I got a new laptop recently, so when a friend challenged me to write a little toy encryption algorithm, I needed to set up for writing code from scratch. Now that the world has basically standardized on Visual Studio Code as the IDE of choice, the Rust gang has been able to make solid strides in their already very sophisticated tool platform. Getting set up to compile and debug Rust in VS Code is nearly frictionless these days.
Doing math on character strings was a little more fraught, given my beginner’s level of understanding of the Rust type system. I hacked it out using a combination of The Book, Stack Overflow, and tenacity. It was a surprise to learn that unsigned overflow is not a given in Rust as it is in C/C++. Instead Rust has a huge suite of customized math operations that allow you to dial in the exact overflow behavior you want, enabled by the fact it is not object-oriented. What look like method calls are syntactic sugar for free functions that take a reference to “self”, which let them make massive libraries of functions on fundamental types. Java programmers, take note!

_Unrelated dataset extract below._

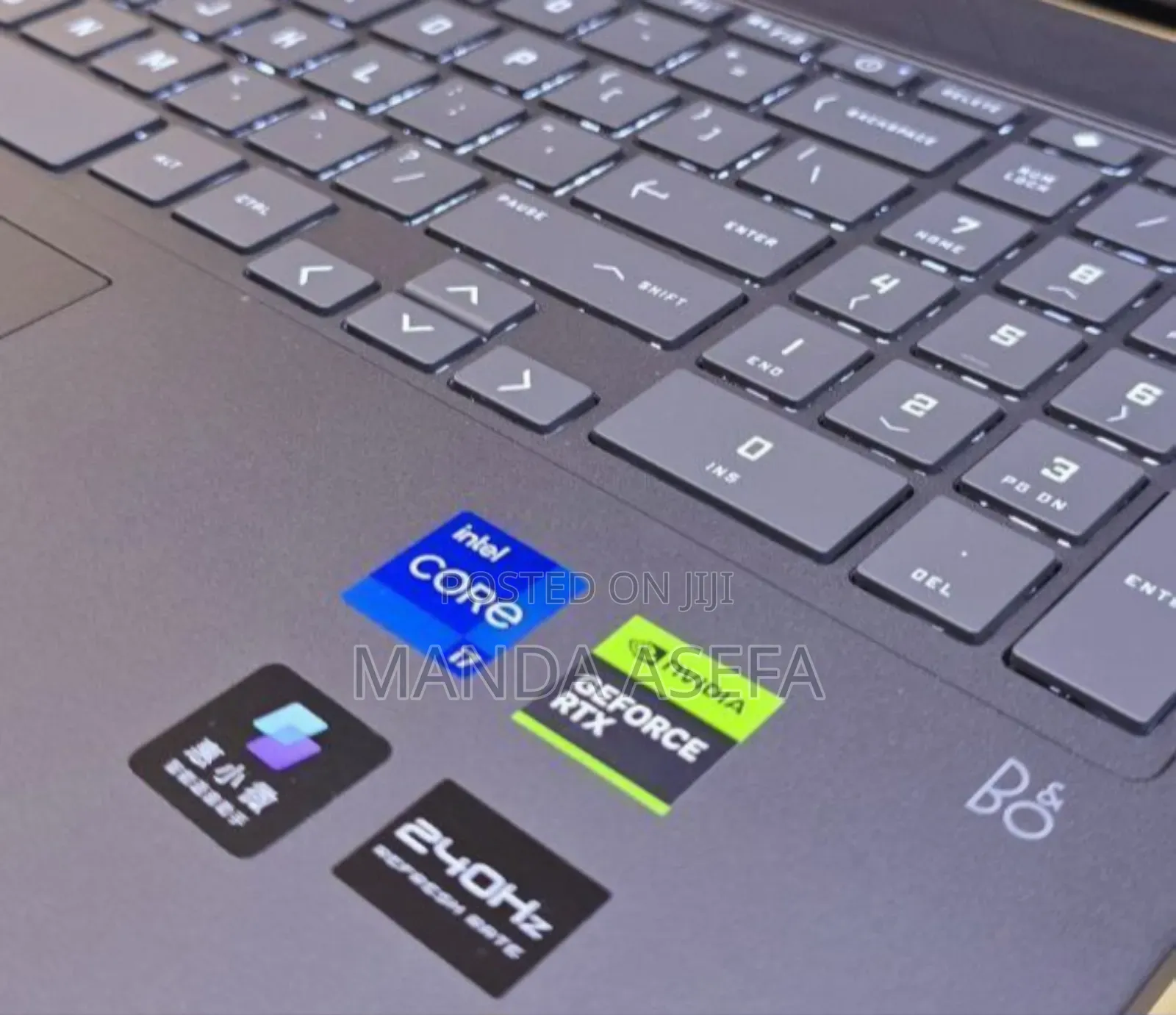 New Laptop HP Victus 16 16GB Intel Core I7 SSD 1T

The struggles I had turning bytes to usize values and back to bytes stuck in my head. When I found this guide today for embedded C programmers, I read the whole thing with interest. It is nonsense-free and pitched right at me.
Among other things, today I learned Rust actually does have global variables. You still shouldn’t use them, but they are present. const variables look interesting too, like C++ consteval. I’d like to know more about that facility. This document about std::mem::transmute was also a fascinating look at how to do some of the kinds of things I was doing without invoking unsafe code.